• Information given:
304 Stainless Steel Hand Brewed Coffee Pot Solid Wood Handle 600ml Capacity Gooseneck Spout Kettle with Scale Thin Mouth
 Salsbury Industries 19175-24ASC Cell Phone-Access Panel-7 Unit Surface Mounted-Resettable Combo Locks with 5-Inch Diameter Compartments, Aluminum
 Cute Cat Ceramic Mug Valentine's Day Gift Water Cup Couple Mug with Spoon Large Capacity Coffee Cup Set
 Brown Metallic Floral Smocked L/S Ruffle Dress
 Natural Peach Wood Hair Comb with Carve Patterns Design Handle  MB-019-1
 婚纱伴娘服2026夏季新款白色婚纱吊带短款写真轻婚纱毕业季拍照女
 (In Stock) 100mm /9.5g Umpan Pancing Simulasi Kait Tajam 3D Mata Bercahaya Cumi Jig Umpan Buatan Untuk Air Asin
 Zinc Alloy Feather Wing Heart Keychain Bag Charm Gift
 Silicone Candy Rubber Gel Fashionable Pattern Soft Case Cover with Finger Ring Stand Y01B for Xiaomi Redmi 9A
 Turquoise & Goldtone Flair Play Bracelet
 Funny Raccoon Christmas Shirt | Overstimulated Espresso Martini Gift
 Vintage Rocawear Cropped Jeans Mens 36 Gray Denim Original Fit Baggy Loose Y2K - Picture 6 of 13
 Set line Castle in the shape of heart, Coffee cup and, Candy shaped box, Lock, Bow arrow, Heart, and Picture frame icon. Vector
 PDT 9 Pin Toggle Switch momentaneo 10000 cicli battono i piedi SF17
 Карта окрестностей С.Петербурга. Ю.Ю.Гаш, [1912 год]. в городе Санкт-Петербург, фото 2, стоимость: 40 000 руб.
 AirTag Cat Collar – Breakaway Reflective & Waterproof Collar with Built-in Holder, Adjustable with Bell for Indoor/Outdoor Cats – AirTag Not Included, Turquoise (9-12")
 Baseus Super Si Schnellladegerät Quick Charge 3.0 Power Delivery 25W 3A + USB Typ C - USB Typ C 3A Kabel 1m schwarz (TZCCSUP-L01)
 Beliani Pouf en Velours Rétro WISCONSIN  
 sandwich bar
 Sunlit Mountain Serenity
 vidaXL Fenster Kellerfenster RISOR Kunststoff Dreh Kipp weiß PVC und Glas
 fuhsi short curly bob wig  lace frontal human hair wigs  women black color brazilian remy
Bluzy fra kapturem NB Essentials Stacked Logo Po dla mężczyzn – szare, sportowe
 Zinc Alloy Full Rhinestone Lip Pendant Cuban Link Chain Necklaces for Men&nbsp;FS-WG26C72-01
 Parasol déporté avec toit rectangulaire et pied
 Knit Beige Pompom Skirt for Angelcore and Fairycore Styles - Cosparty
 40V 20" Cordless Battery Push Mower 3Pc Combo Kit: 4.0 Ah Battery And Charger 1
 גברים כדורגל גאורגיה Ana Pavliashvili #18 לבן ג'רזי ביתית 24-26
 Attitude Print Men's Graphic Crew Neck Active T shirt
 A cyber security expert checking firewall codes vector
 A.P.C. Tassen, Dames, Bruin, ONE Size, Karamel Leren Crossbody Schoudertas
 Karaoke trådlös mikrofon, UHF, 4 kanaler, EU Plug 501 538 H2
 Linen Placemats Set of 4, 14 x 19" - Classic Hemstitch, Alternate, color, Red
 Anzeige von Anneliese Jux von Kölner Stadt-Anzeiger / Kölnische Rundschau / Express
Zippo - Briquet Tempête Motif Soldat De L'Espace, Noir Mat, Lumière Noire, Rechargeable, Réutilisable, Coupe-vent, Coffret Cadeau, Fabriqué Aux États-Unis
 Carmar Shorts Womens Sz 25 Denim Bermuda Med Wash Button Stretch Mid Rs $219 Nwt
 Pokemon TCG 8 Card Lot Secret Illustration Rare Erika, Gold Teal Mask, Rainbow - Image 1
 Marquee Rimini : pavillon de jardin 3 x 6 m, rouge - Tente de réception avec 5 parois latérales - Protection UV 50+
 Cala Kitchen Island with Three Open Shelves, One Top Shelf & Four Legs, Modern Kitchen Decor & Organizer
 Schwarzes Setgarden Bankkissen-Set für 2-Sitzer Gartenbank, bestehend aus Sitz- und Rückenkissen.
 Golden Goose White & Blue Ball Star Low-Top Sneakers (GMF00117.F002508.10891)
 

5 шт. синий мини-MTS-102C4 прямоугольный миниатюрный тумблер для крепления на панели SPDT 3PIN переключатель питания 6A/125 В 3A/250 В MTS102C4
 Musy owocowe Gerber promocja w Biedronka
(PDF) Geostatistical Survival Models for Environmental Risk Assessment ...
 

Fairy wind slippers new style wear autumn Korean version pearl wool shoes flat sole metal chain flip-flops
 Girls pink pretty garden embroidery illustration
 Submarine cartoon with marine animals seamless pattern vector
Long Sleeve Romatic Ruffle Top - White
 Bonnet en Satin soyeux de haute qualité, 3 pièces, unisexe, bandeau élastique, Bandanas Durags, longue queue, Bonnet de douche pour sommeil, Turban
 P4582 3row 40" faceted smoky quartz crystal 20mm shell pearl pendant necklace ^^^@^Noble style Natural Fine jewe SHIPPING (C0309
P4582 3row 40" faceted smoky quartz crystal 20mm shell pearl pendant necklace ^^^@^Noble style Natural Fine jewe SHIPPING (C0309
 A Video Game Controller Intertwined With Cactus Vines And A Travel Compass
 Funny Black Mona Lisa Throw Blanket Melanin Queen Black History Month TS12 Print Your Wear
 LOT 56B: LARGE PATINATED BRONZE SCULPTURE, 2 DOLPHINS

• Instructions to follow:
Taking the records above, retype every line from the one with "Anzeige von Anneliese" down to the one with "Zippo - Briquet", exactly and with nothing else.

• Solution:
 Anzeige von Anneliese Jux von Kölner Stadt-Anzeiger / Kölnische Rundschau / Express
Zippo - Briquet Tempête Motif Soldat De L'Espace, Noir Mat, Lumière Noire, Rechargeable, Réutilisable, Coupe-vent, Coffret Cadeau, Fabriqué Aux États-Unis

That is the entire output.